Heuser Ben, Bergermann Armin, Stevenson Michael G, Ranjan Divyanshu, He Zhiyu, Lütgert Julian, Schumacher Samuel, Bethkenhagen Mandy, Descamps Adrien, Galtier Eric, Gleason Arianna E, Khaghani Dimitri, Glenn Griffin D, Cunningham Eric F, Glenzer Siegfried H, Hartley Nicholas J, Hernandez Jean-Alexis, Humphries Oliver S, Katagiri Kento, Lee Hae Ja, McBride Emma E, Miyanishi Kohei, Nagler Bob, Ofori-Okai Benjamin, Ozaki Norimasa, Pandolfi Silvia, Qu Chongbing, May Philipp Thomas, Redmer Ronald, Schoenwaelder Christopher, Sueda Keiichi, Yabuuchi Toshinori, Yabashi Makina, Lukic Bratislav, Rack Alexander, Zinta Lisa M V, Vinci Tommaso, Benuzzi-Mounaix Alessandra, Ravasio Alessandra, Kraus Dominik
Institut für Physik, Universität Rostock, Albert-Einstein-Str. 23-24, 18059, Rostock, Germany.

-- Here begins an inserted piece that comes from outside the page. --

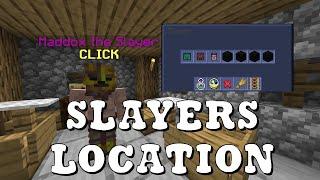 SlayersMaddox Location  Hypixel Skyblock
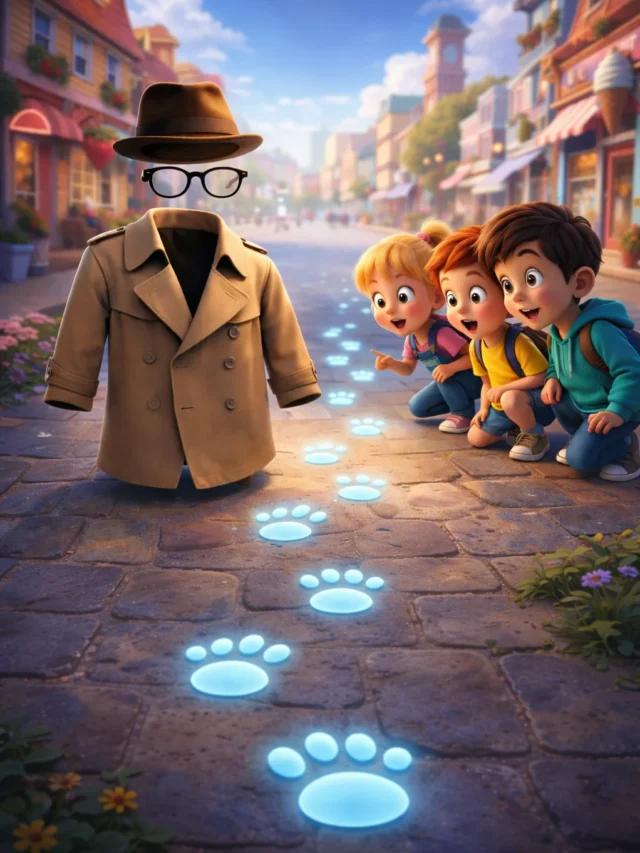 Invisible Man Story 👻 A Powerful Lesson on Power and Responsibility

Helmholtz-Zentrum Dresden-Rossendorf, Institute of Radiation Physics, Dresden, 01328, Germany.
Sci Rep. 2024 May 28;14(1):12239. doi: 10.1038/s41598-024-62367-7.
Laser-driven dynamic compression experiments of plastic materials have found surprisingly fast formation of nanodiamonds (ND) via X-ray probing. This mechanism is relevant for planetary models, but could also open efficient synthesis routes for tailored NDs. We investigate the release mechanics of compressed NDs by molecular dynamics simulation of the isotropic expansion of finite size diamond from different P-T states. Analysing the structural integrity along different release paths via molecular dynamic simulations, we found substantial disintegration rates upon shock release, increasing with the on-Hugnoiot shock temperature. We also find that recrystallization can occur after the expansion and hence during the release, depending on subsequent cooling mechanisms. Our study suggests higher ND recovery rates from off-Hugoniot states, e.g., via double-shocks, due to faster cooling. Laser-driven shock compression experiments of polyethylene terephthalate (PET) samples with in situ X-ray probing at the simulated conditions found diamond signal that persists up to 11 ns after breakout. In the diffraction pattern, we observed peak shifts, which we attribute to thermal expansion of the NDs and thus a total release of pressure, which indicates the stability of the released NDs.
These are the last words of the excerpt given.